** DATASET follows **

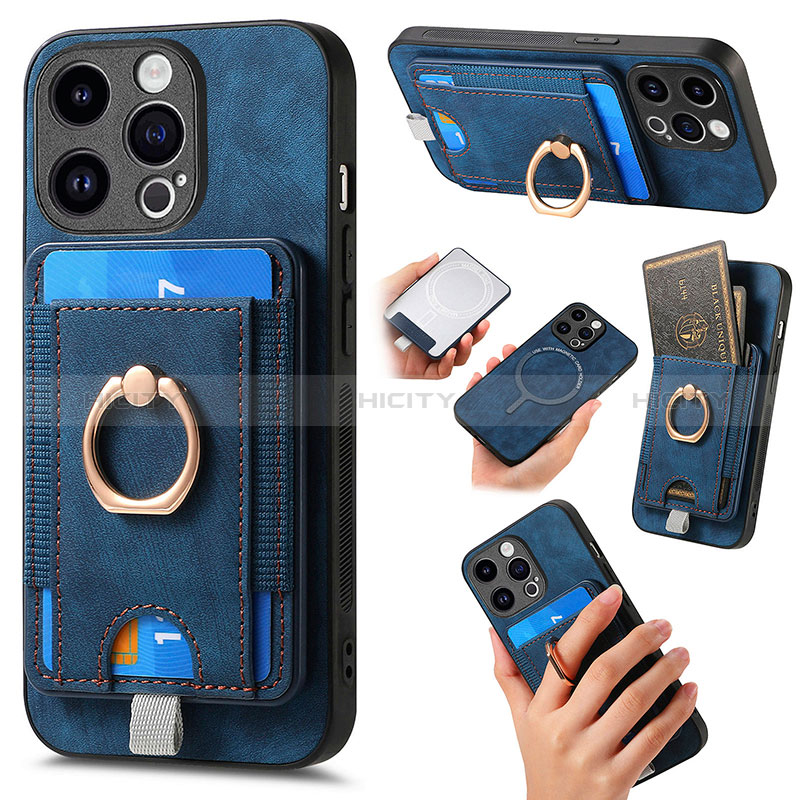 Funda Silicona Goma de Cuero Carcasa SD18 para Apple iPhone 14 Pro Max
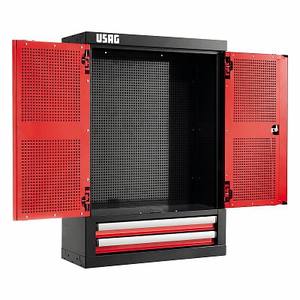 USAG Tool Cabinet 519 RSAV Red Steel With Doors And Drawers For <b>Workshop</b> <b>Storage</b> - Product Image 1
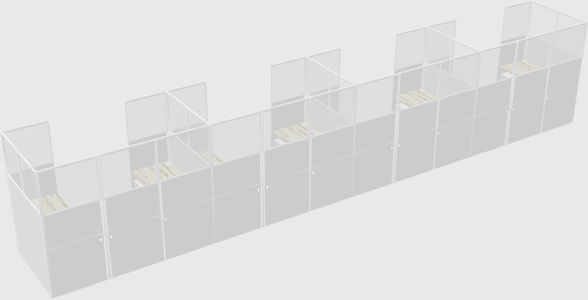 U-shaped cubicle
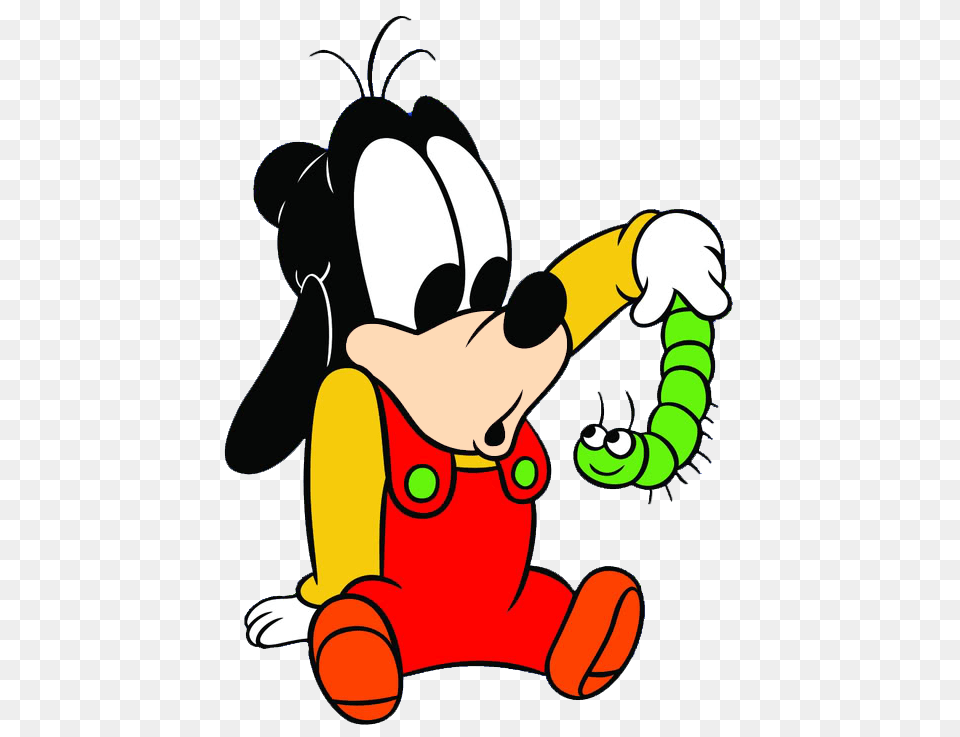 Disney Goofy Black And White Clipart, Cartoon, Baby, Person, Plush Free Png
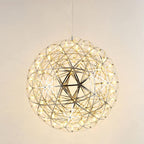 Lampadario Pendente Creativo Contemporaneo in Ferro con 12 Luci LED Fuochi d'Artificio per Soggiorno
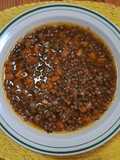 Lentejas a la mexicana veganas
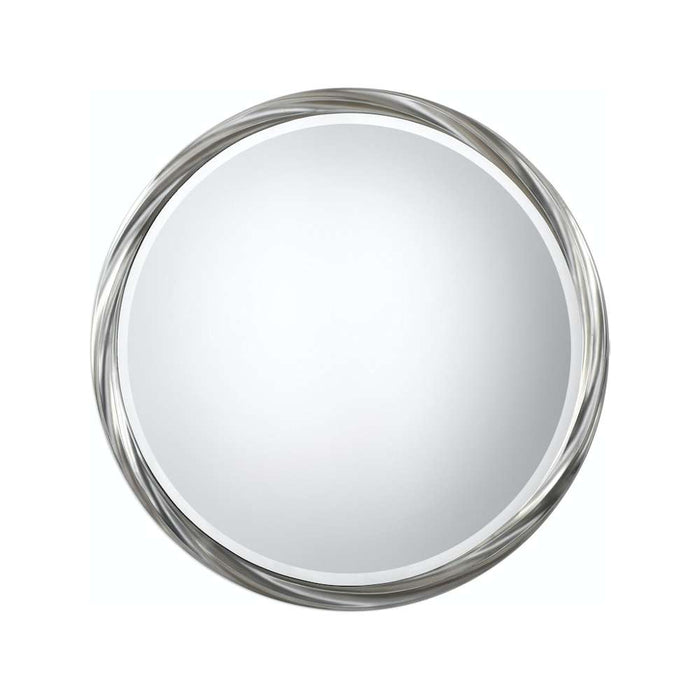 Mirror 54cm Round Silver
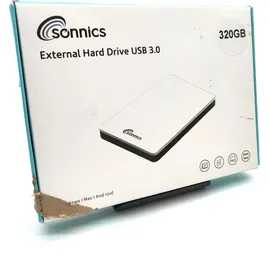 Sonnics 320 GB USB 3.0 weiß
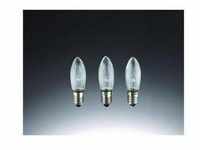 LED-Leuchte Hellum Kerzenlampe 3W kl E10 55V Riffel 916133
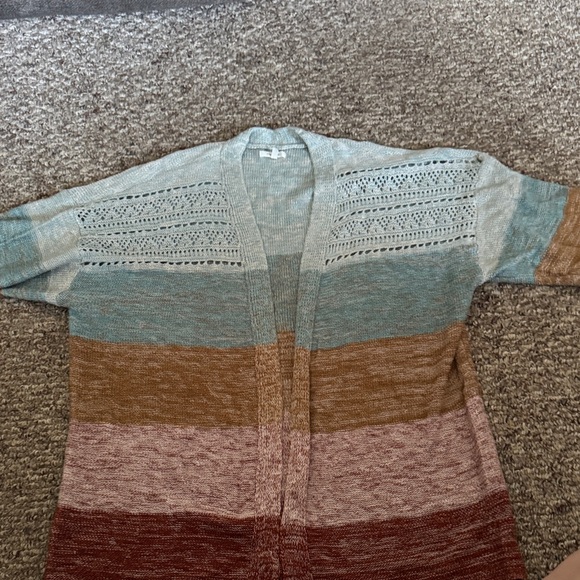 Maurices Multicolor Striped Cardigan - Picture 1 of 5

** End of DATASET **
** DATASET follows **

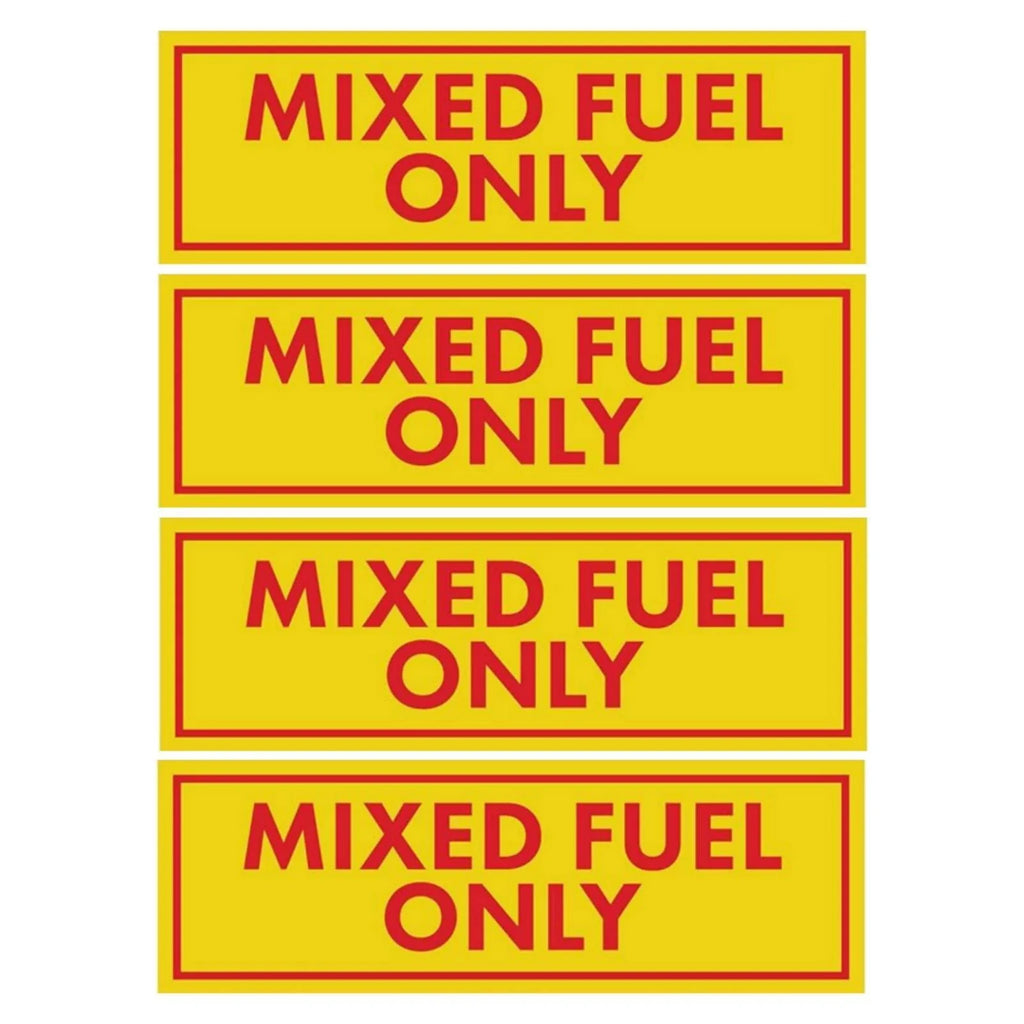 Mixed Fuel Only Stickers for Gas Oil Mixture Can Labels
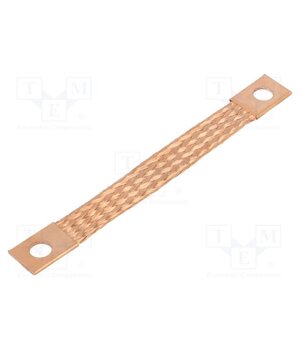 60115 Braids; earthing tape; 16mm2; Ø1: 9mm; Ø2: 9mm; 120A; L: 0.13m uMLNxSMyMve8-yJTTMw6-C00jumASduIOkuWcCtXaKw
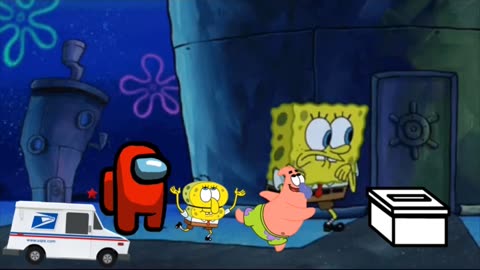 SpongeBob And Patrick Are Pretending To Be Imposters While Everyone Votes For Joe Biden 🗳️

** End of DATASET **

* _THE TASK_
Using the listing above, restate exactly the range between the lines holding "60115 Braids; earthing" and "SpongeBob And Patrick", inclusive, with pictures left out.

* _COMPLETED EXERCISE_
 60115 Braids; earthing tape; 16mm2; Ø1: 9mm; Ø2: 9mm; 120A; L: 0.13m uMLNxSMyMve8-yJTTMw6-C00jumASduIOkuWcCtXaKw
 SpongeBob And Patrick Are Pretending To Be Imposters While Everyone Votes For Joe Biden 🗳️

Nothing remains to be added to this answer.